Barth is an eminently ‘churchly’ theologian, deeply concerned with the form of life that corresponds to the reality of God’s being revealed in Jesus Christ. This is clear in the principles of dogmatics, which he articulates in Church Dogmatics I. It is also apparent from crucial events in Barth’s biography: the first, difficult experience of pastoral work in Safenwil; his deep involvement in religious socialism during those years of pastoral work; his disillusionment with the German liberal theologians who supported the First World War; his heavy involvement in the ‘German Church Struggle’. For Barth, then, preaching, sacraments, exegesis and dogmatics, do not belong in a separate realm of ‘religious’ life and thought, sealed off from the realm of ‘secular’ life and thought, but are the form in which the Word is proclaimed that shapes the whole of life, in thought and action. Failure to recognize this will give rise to all kinds of misreadings of the Church Dogmatics that do not sufficiently take into account Barth’s practical orientation: scrutinizing the life and action of the Church against the Word attested in the Bible, read in light of the Church’s history of reflection upon it.
Church proclamation – the Word of God in the form of preaching and sacrament addressed to human beings with the expectation and claim to be heard in faith – is the material of Barth’s dogmatic investigation. Because such proclamation is a human word, albeit a human word spoken with the claim and expectation that it should be heard in faith, it is measured against the Word of God, the content of the Word that it seeks to proclaim (I/1, 47). Barth likens the relationship between the Word of God and human speech to the relationship between the word of a king and the proclamation of a herald or – with delimitations intended to exclude the Roman Catholic concept of magisterial office – the role of a vicar (I/1, 95ff.).
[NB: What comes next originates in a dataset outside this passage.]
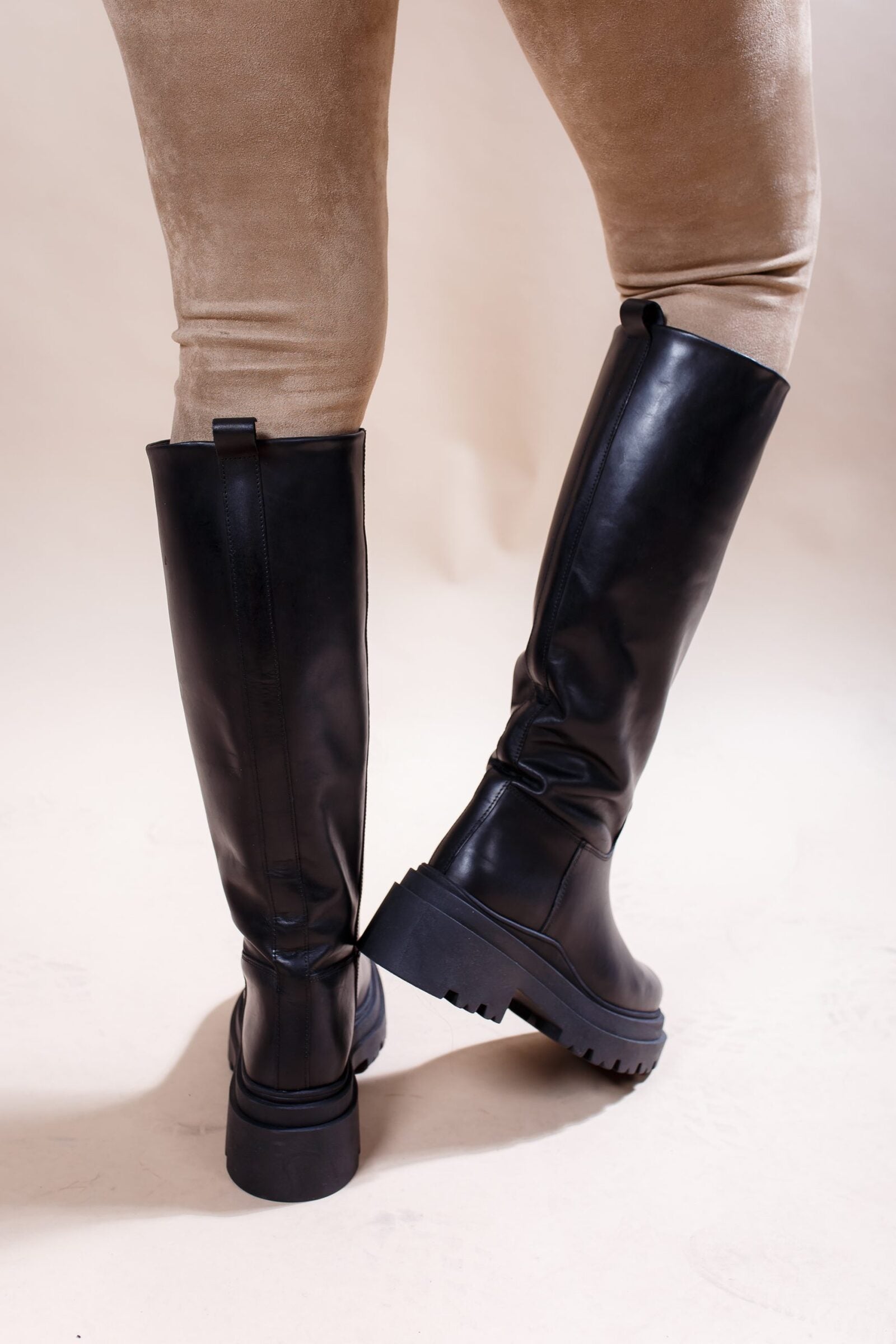 Cizme-din-piele-neagra-Eufrozine-2421-3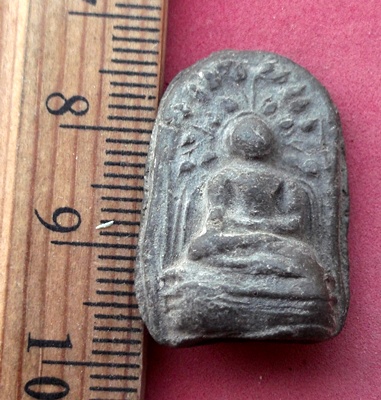 เคาะเดียวแดง เริ่ม 10 บาท กับ พระเนื้อดิน     ..AW676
There are, then, two important elements to the concept of Church proclamation as the material of dogmatics: its form, and its content. According to Barth, the form of proclamation that the Church is commissioned to perform is strictly tied to preaching and sacraments. Not all the Church’s talk about God is proclamation (I/1, 49). The Church’s social work, its education of youth, theology itself, are not Church proclamation (I/1, 49–51). Barth allows that any of these might, in particular instances, under the sovereign authority of God, become proclamation; that is, God may speak through them (I/1, 53): ‘God may speak through Russian Communism, a flute concerto, a blossoming bush, or a dead dog’ (I/1, 55). Barth maintains a distinction, however, between what God is free to use as proclamation and what the Church is commanded to pass on as proclamation (I/1, 55). Proclamation as that which is enjoined upon the Church consists precisely in preaching and sacrament (I/1, 58):
This proclamation is preaching, i.e., the attempt by someone called thereto in the Church, in the form of an exposition [Erkla¨rung] of some portion of the biblical witness to revelation, to express in his own words and to make intelligible [versta¨ndlich] to the men of his own generation the promise of the revelation, reconciliation and vocation of God as they are to be expected here and now. (I/1, 56)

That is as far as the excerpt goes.